▶ The data:
_ _ _ _ _ _ _
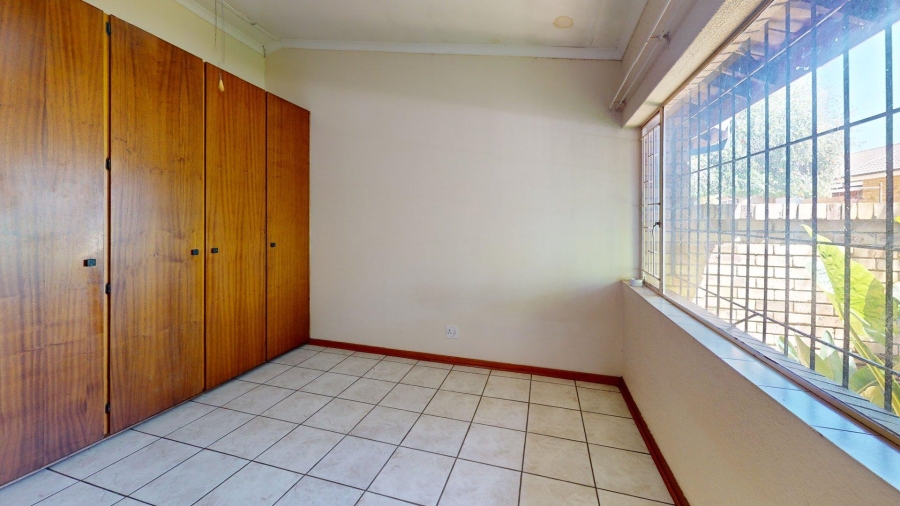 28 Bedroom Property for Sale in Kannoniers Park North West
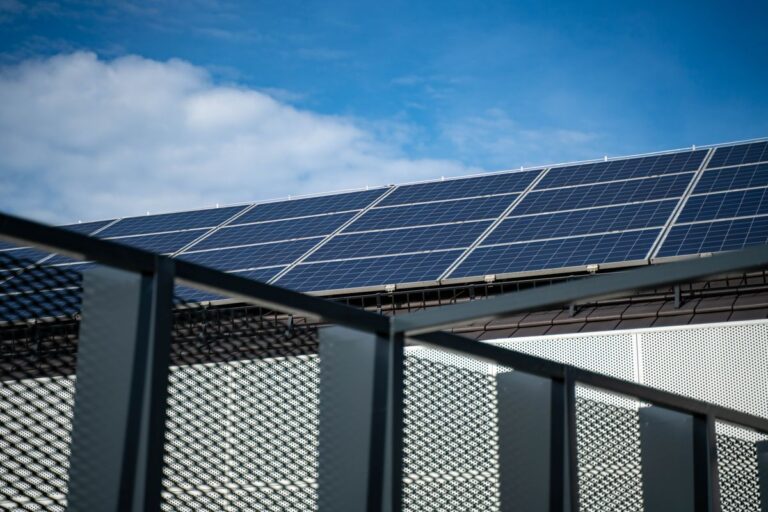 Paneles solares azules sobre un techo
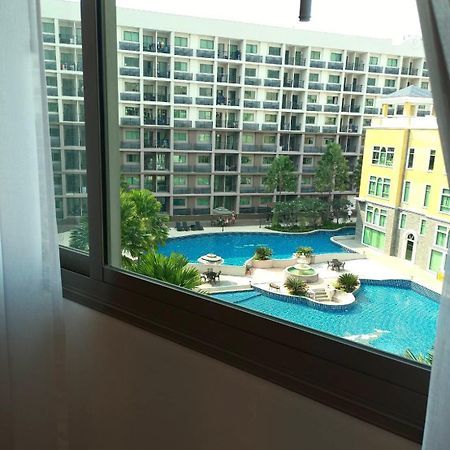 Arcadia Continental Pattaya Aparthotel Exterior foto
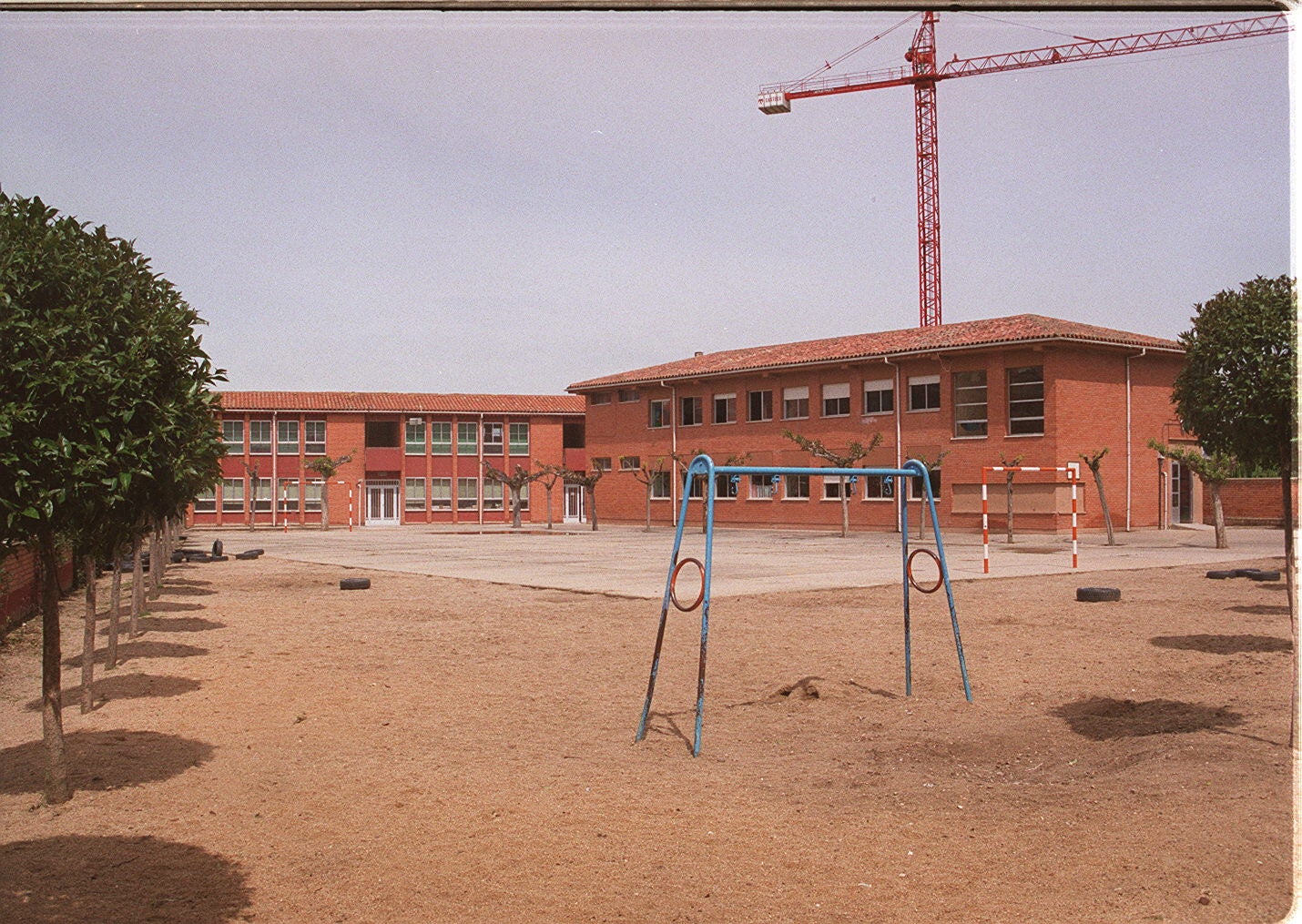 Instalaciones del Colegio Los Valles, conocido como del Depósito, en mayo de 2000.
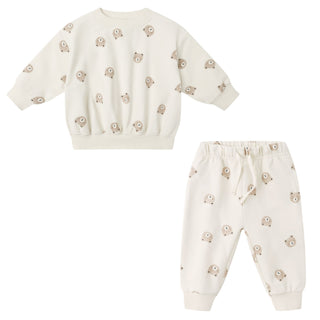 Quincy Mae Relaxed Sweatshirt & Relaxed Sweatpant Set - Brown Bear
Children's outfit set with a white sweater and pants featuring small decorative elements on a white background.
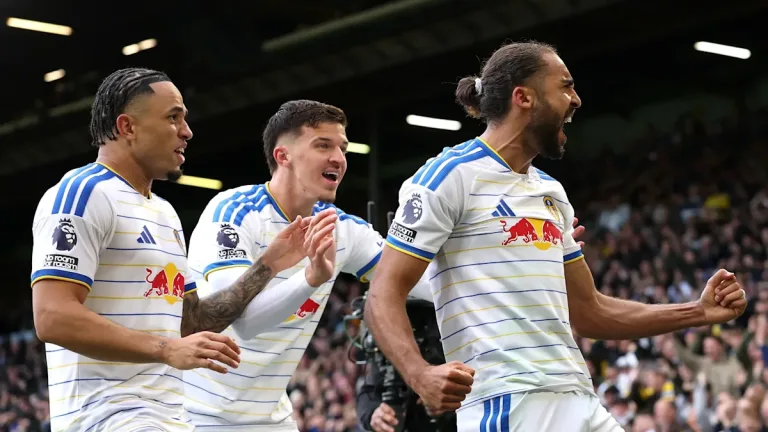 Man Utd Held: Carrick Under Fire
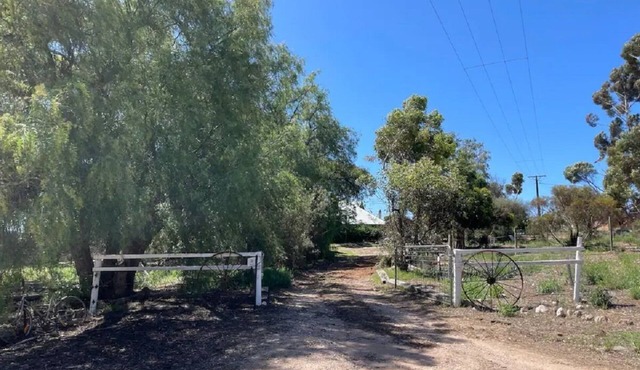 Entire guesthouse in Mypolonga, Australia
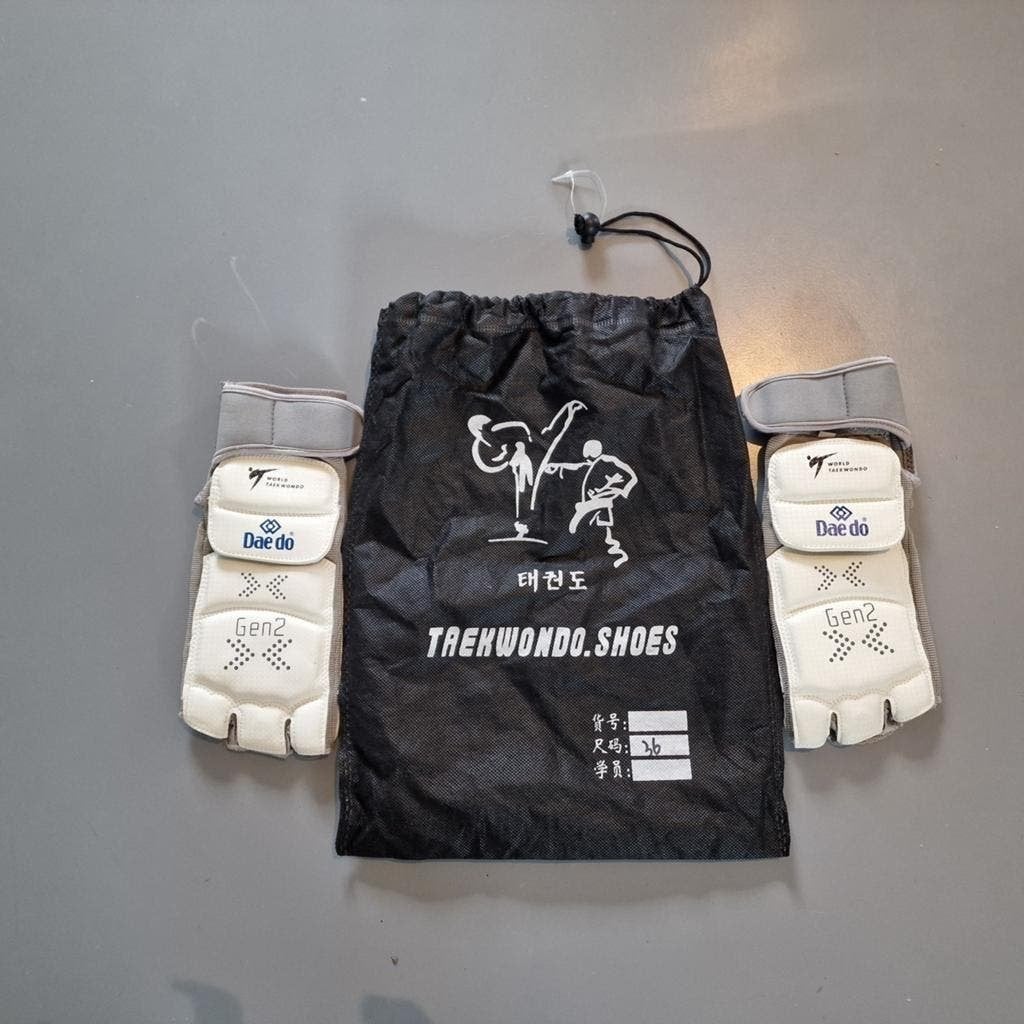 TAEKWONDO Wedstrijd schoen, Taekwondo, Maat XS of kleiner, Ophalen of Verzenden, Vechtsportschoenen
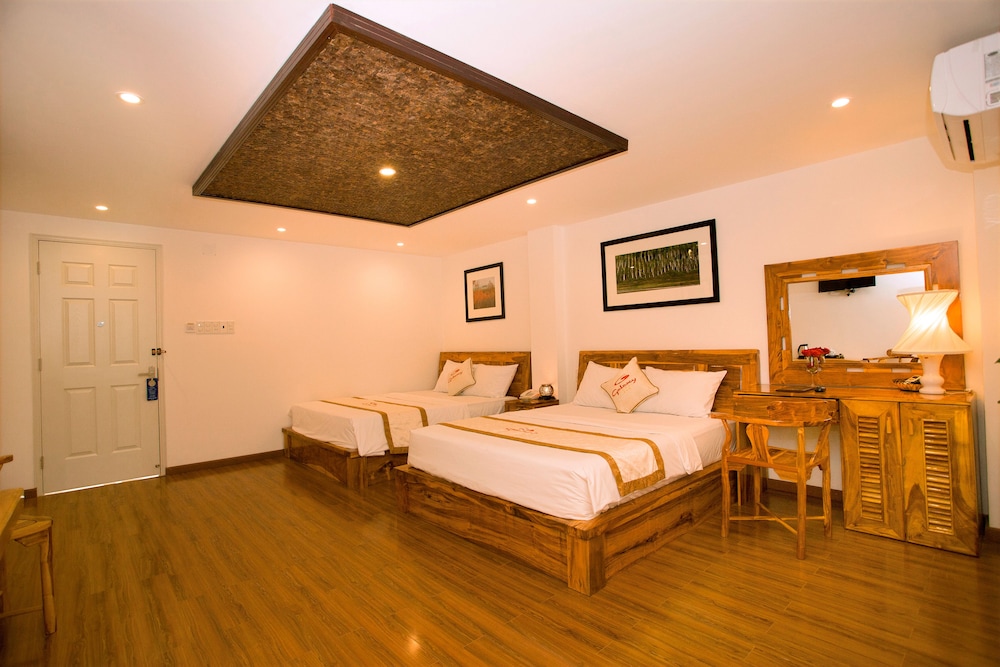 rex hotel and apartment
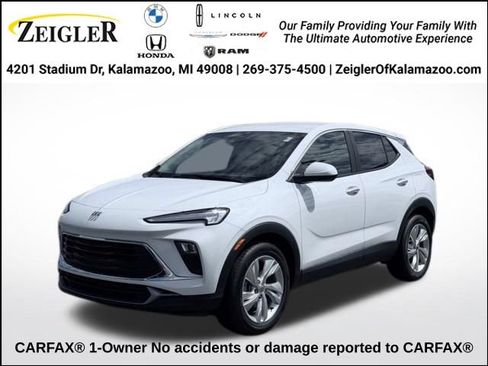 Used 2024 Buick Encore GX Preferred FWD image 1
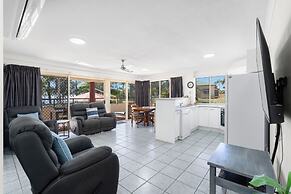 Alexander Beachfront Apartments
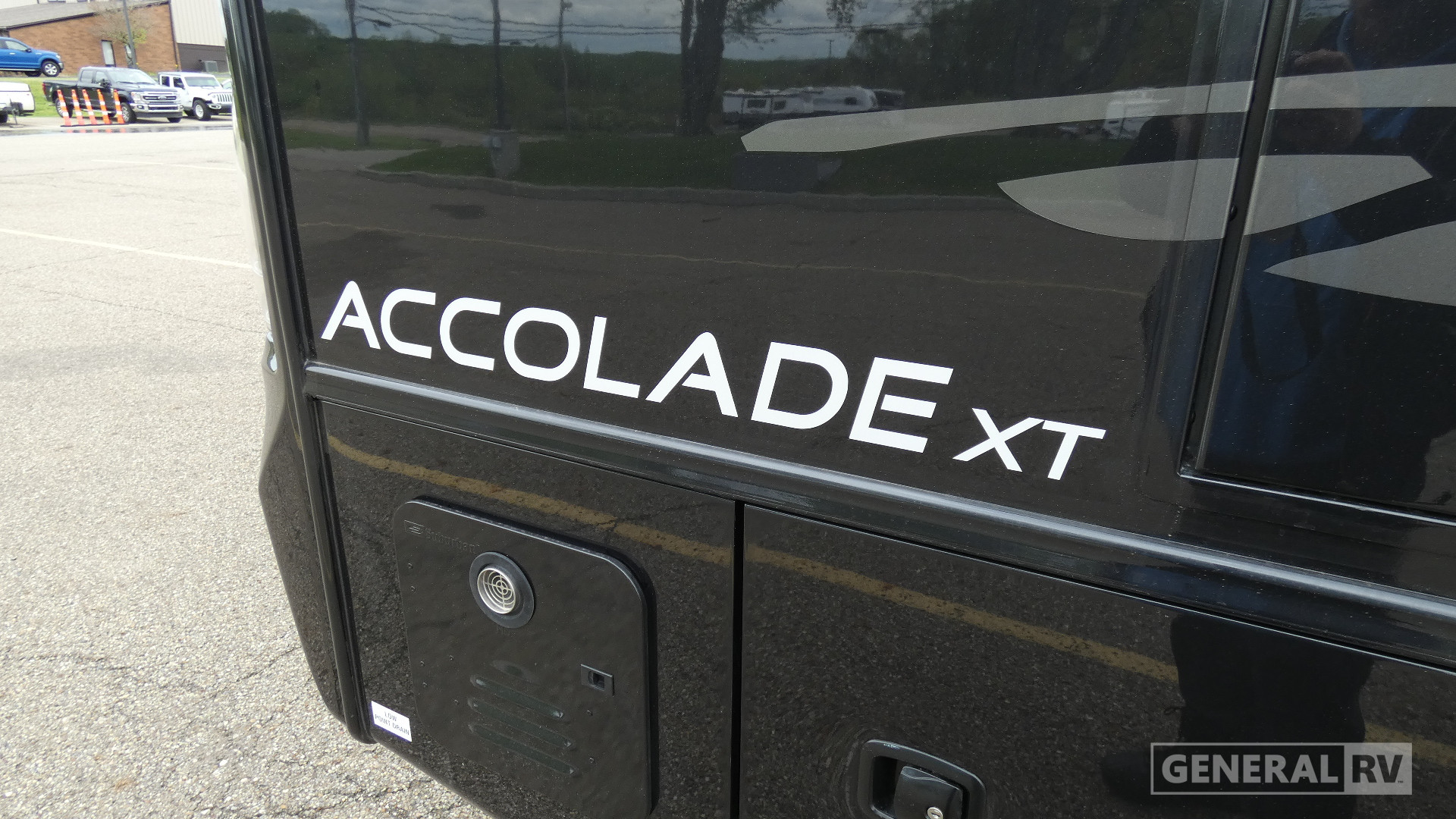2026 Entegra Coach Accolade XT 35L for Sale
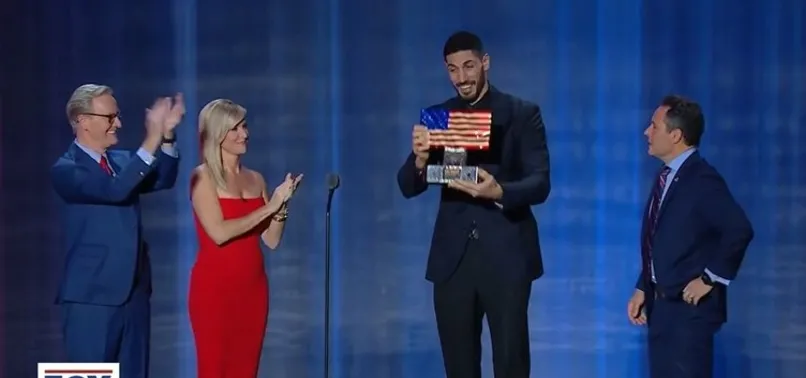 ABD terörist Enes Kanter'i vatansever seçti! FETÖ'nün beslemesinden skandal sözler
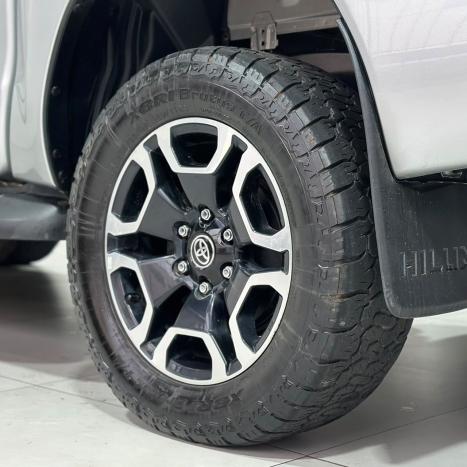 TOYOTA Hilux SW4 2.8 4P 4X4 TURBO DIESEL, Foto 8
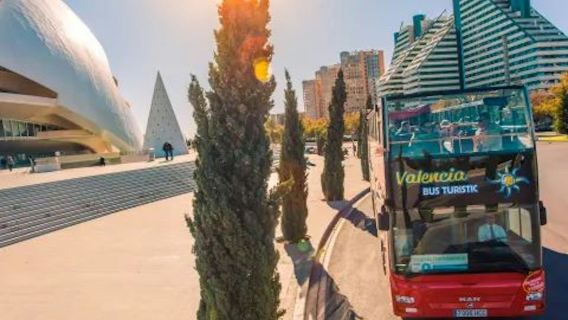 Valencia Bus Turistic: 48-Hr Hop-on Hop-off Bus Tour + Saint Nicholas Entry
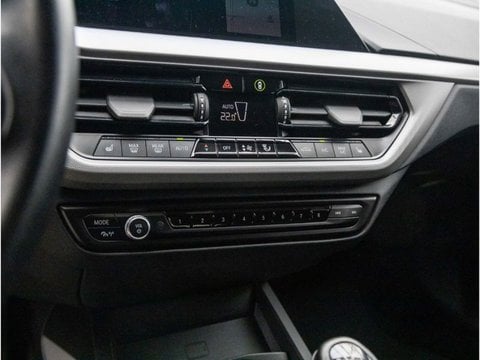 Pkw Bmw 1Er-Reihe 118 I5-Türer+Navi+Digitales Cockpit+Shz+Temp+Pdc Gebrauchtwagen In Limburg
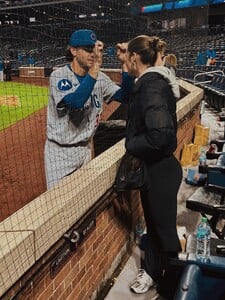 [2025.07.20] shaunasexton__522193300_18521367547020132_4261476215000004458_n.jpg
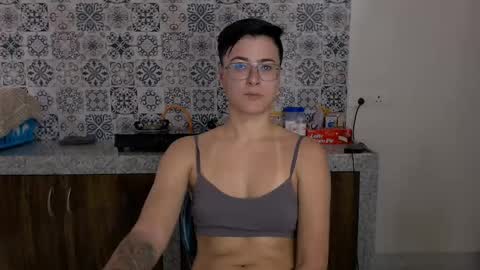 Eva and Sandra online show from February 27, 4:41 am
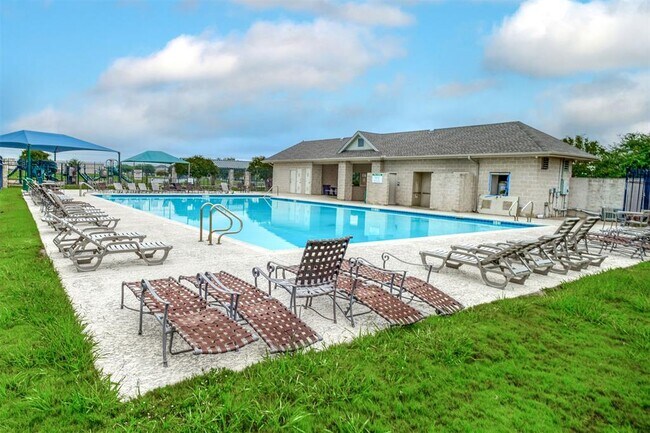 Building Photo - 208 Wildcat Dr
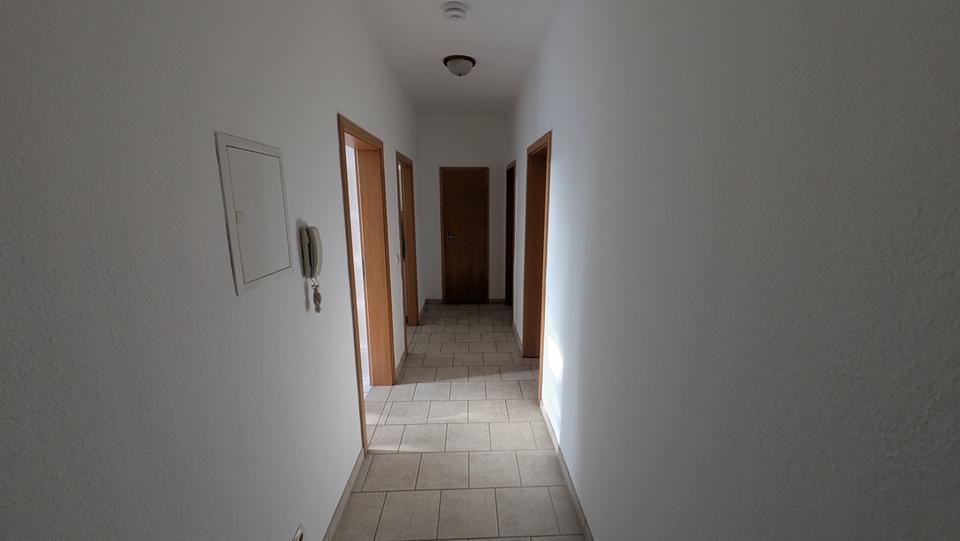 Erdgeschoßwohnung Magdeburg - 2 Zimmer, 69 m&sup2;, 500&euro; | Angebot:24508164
_ _ _ _ _ _ _
▶ Your instructions: If a picture appears among the entries, omit it and reproduce everything else exactly.

▶ Solution to this problem:
 28 Bedroom Property for Sale in Kannoniers Park North West
 Paneles solares azules sobre un techo
 Arcadia Continental Pattaya Aparthotel Exterior foto
 Instalaciones del Colegio Los Valles, conocido como del Depósito, en mayo de 2000.
 Quincy Mae Relaxed Sweatshirt & Relaxed Sweatpant Set - Brown Bear
Children's outfit set with a white sweater and pants featuring small decorative elements on a white background.
 Man Utd Held: Carrick Under Fire
 Entire guesthouse in Mypolonga, Australia
 TAEKWONDO Wedstrijd schoen, Taekwondo, Maat XS of kleiner, Ophalen of Verzenden, Vechtsportschoenen
 rex hotel and apartment
 Used 2024 Buick Encore GX Preferred FWD image 1
 Alexander Beachfront Apartments
2026 Entegra Coach Accolade XT 35L for Sale
 ABD terörist Enes Kanter'i vatansever seçti! FETÖ'nün beslemesinden skandal sözler
 TOYOTA Hilux SW4 2.8 4P 4X4 TURBO DIESEL, Foto 8
 Valencia Bus Turistic: 48-Hr Hop-on Hop-off Bus Tour + Saint Nicholas Entry
 Pkw Bmw 1Er-Reihe 118 I5-Türer+Navi+Digitales Cockpit+Shz+Temp+Pdc Gebrauchtwagen In Limburg
 [2025.07.20] shaunasexton__522193300_18521367547020132_4261476215000004458_n.jpg
 Eva and Sandra online show from February 27, 4:41 am
 Building Photo - 208 Wildcat Dr
 Erdgeschoßwohnung Magdeburg - 2 Zimmer, 69 m&sup2;, 500&euro; | Angebot:24508164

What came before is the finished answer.